Caring for an Established Lawn 

Water- just enough! 

  • Don’t overwater. Check the soil moisture with a trowel. The top two to three inches should feel almost dry before you add more water. 
  • Water enough to send the roots deep into the soil. When you think you’ve watered enough, push a trowel into the soil and tilt it forward. If the soil isn’t damp down to four or six inches, keep watering until it is. Keep track of how long you water, for next time. 
  • Water slowly so that water stays on your lawn and doesn’t run off. Overwatering is one way pesticides and fertilizers find their way to storm drains. 
  • If water runs off or pools even with slow irrigation, your soil may be compacted—which makes it hard for healthy roots to grow. See Restoring a lawn to health for tips on addressing this problem. 
  • Know your soil type. Clay soils hold more moisture and dry out more slowly, and need less frequent watering. Sandy soils dry out faster. 
Grass clippings: Home-grown fertilizer 

Unless your soil is very sandy, you should not need to add fertilizer (nutrients) to your lawn. 

  • Grass clippings left on the lawn after mowing can provide most of the nutrients your lawn needs. Clippings must be small enough to decompose quickly without forming a mat on top of the living grass. See Mowing a healthy lawn. 
  • Synthetic or quick-release fertilizers, if misapplied, can “kill” the soil by killing the good bacteria and destroying the supporting soil structure. 
  • If you do need to feed your lawn, use organic or slow-release fertilizers such as sulfur- or polymer-coated urea. 
Mowing a healthy lawn 
  • Mow when the grass is dry. 
  • In general, cut no more than 1/3 of the leaf blade when you mow, and keep mower blades sharp. Cutting off too much or wounding grass with a dull blade stresses the lawn and invites pests and diseases. 
  • During warm weather months, cut the grass higher to help the soil hold onto water. 
  • Change your mowing pattern or direction often to avoid compacted mower tracks. 
  • If blades of grass are turning yellow and orange powder comes off onto your hands, your lawn has rust disease and you should collect lawn clippings and throw them away. Control and prevent rust with good lawn care practices, including fertilizing with organic or slow-release fertilizers. 
Dealing with Weeds 

A completely weed-free lawn is… unnatural! But a healthy lawn will crowd out most weeds. Think about how many weeds you can tolerate. 
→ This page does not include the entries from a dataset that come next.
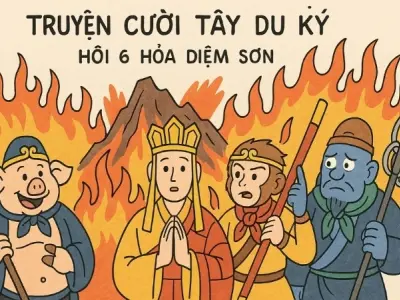 Tóm tắt Truyện cười - Tây Du Ký Chế: Hồi 6 Hỏa Diệm Sơn hấp dẫn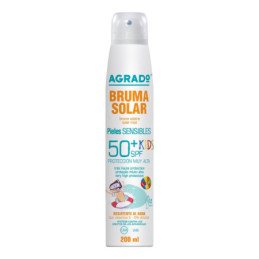 Apsauginė vaikų kūno migla nuo saulės AGRADO BRUMA SOLAR SPF50, 200 ml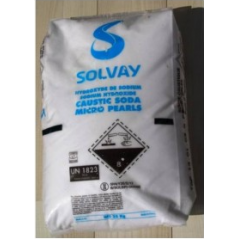 HIDROXID DE SODIU 1 KG PERLA MICĂ SOLVAY NAOH / ALCALIN /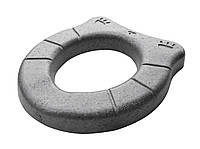 Сидіння для вуличного туалету з пінопласту сіре (Scraper)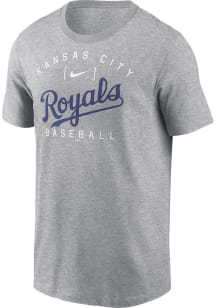 Nike Kansas City Royals Grey Home Team Athletic Short Sleeve T Shirt
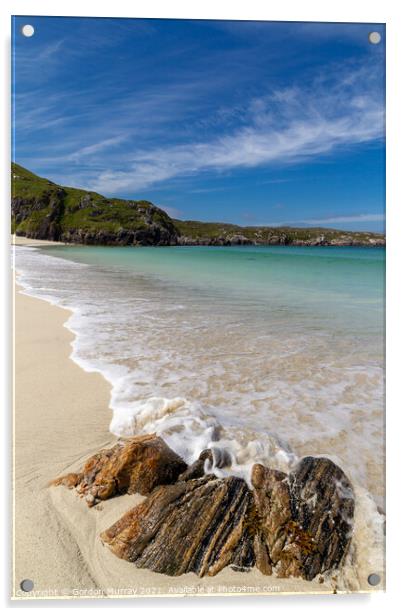 Carnish Beach, Isle of Lewis Acrylic by Gordon Murray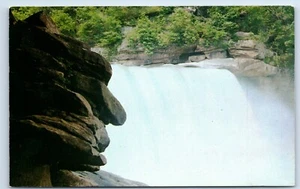 Alter Mann der Fälle Cumberland Falls State Park in der Nähe von Corbin Kentucky Postkarte - Bild 1 von 2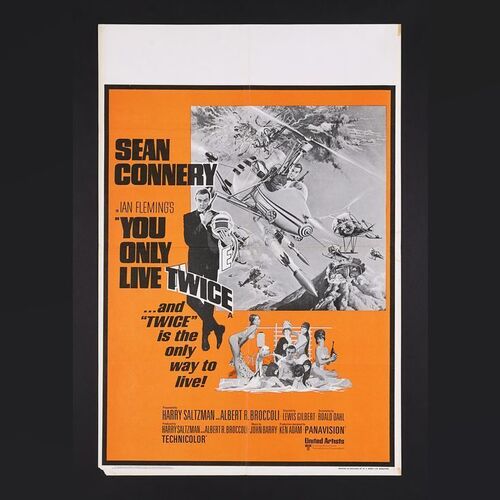 Lot #246 - JAMES BOND: YOU ONLY LIVE TWICE (1967) - UK Double Crown, circa 1969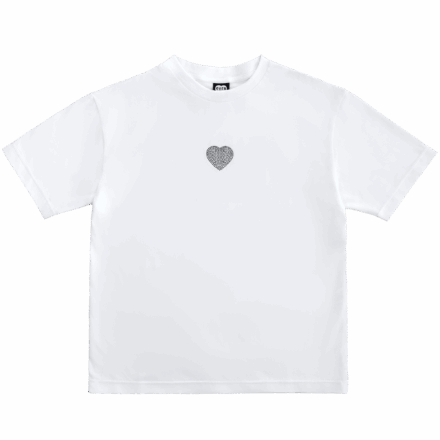 Crystal Heart T-Shirt – White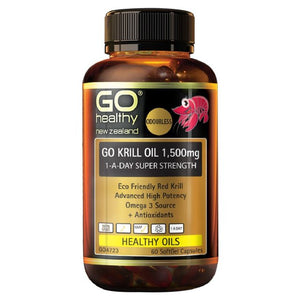 Go Healthy Krill Oil 1500mg 1 A Day 60s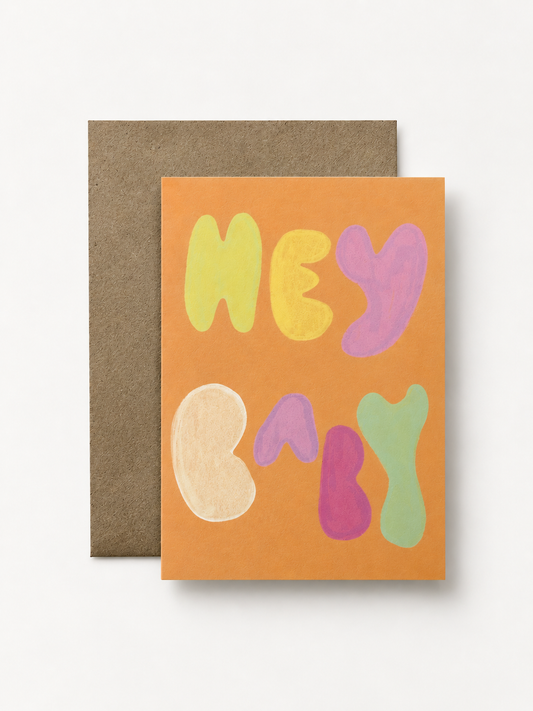 Hey Baby Greeting Card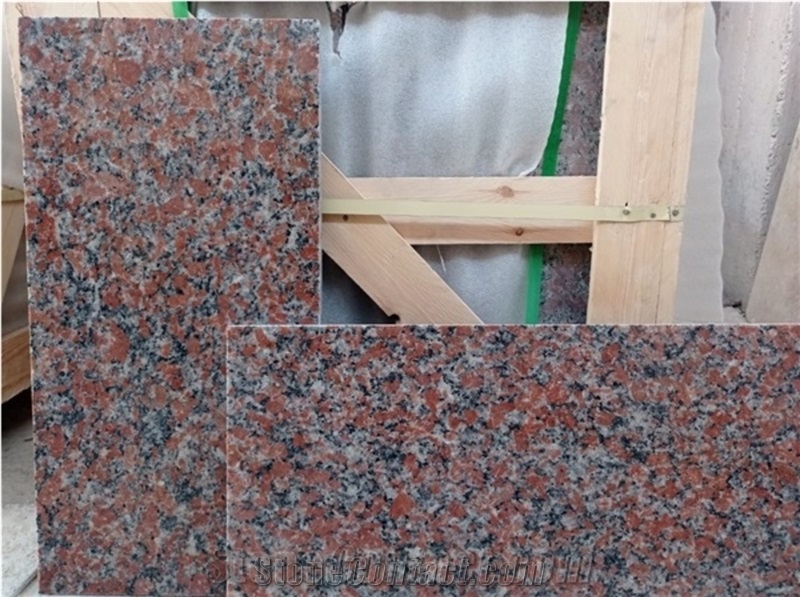 Red Aswan Granite Tiles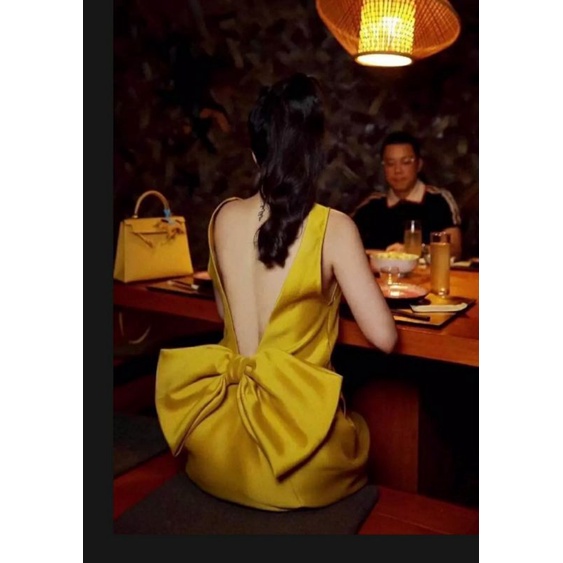 Đầm nơ siêu to hàng thiết kế cao cấp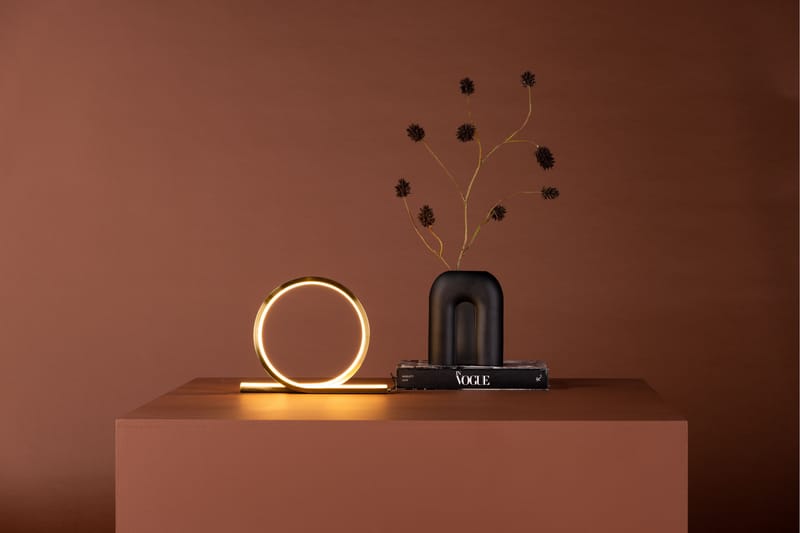 Lakra Bordslampa 23,5 cm Gul - Sängbordslampa - Sovrumslampa - Fönsterlampa på fot - Bordslampor & bordsbelysning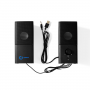 PC-Speaker | 2.0 (Stereo) | 6 W | 3.5 mm Jack | USB voeding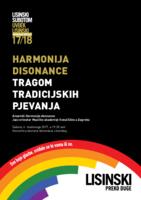 prikaz prve stranice dokumenta Harmonija disonance : tragom tradicijskih pjevanja (4. 11. 2017.) - program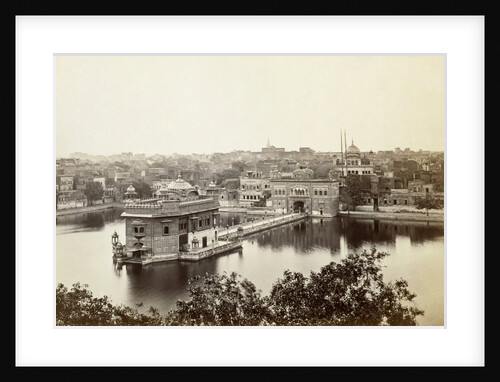 The Golden Temple, photo W. G. Stretton. Amritsar, India, mid-19th century by W. G. Stretton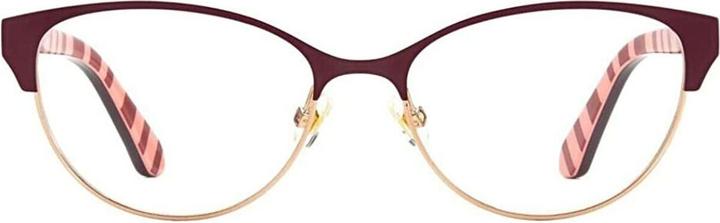 Actual product image Kate Spade Emelyn Sunglasses 52 Burgundy (no correction)
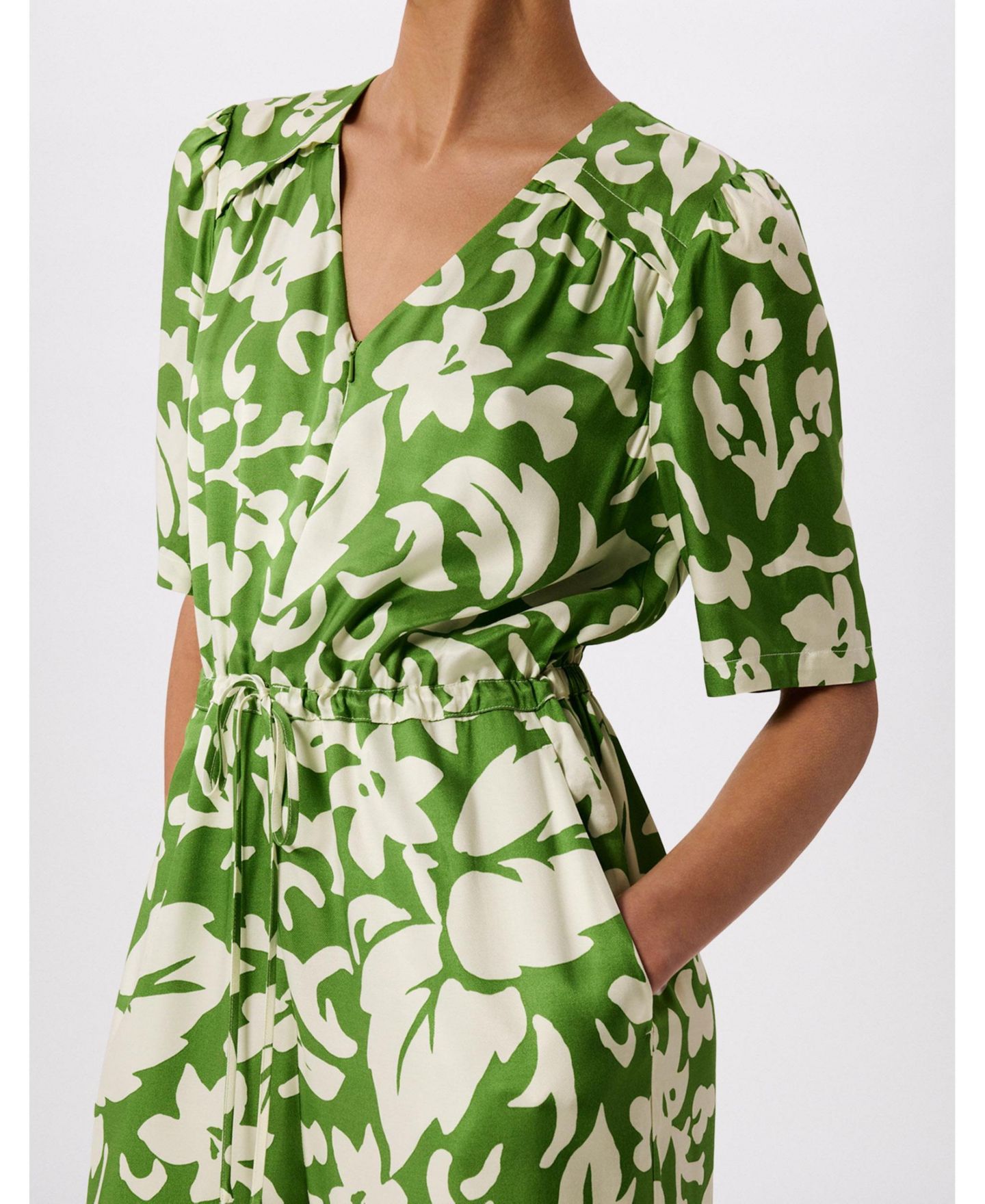 Женский комбинезон Whistles Floral Tie Waist Jumpsuit, цвет: Разноцветный — фото 4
  • Dig weeds by hand before they go to seed, and try to pull out the roots. A forked-end hand weeder picks up weeds such as dandelions by the crown so that the long tap root comes too. There is also a foot-powered, stand-up tool that works well. 
  • Reseed bare spots so weeds can’t fill in. Sprinkle grass seed and water regularly with a fine spray until grass sprouts. 
  • Don’t mow grass too short. Taller blades can shade the soil enough to prevent some weed seeds from sprouting. 
  • Avoid weed-and-feed fertilizers because the herbicides in these products may drift to other parts of your garden, and in some cases even kill shallow-rooted trees. 

Find more information on planting a healthy lawn in our OWOW brochures in English and Spanish.  

The City of Goleta along with the Cities of Buellton, Carpinteria, Solvang, Santa Barbara, Santa Maria, and the County of Santa Barbara have partnered with the OWOW organization to promote the use of less-toxic products in an effort to reduce pesticide pollution in our communities. By reducing pesticide use and the use of less-toxic products around the home, you can help reduce pesticides and other pollutants such as herbicides and fertilizers from being picked up while watering or when it rains and transported to the nearest storm drain inlet and into our waterways. The OWOW website is a great resource for finding less-toxic products to use around your home or garden.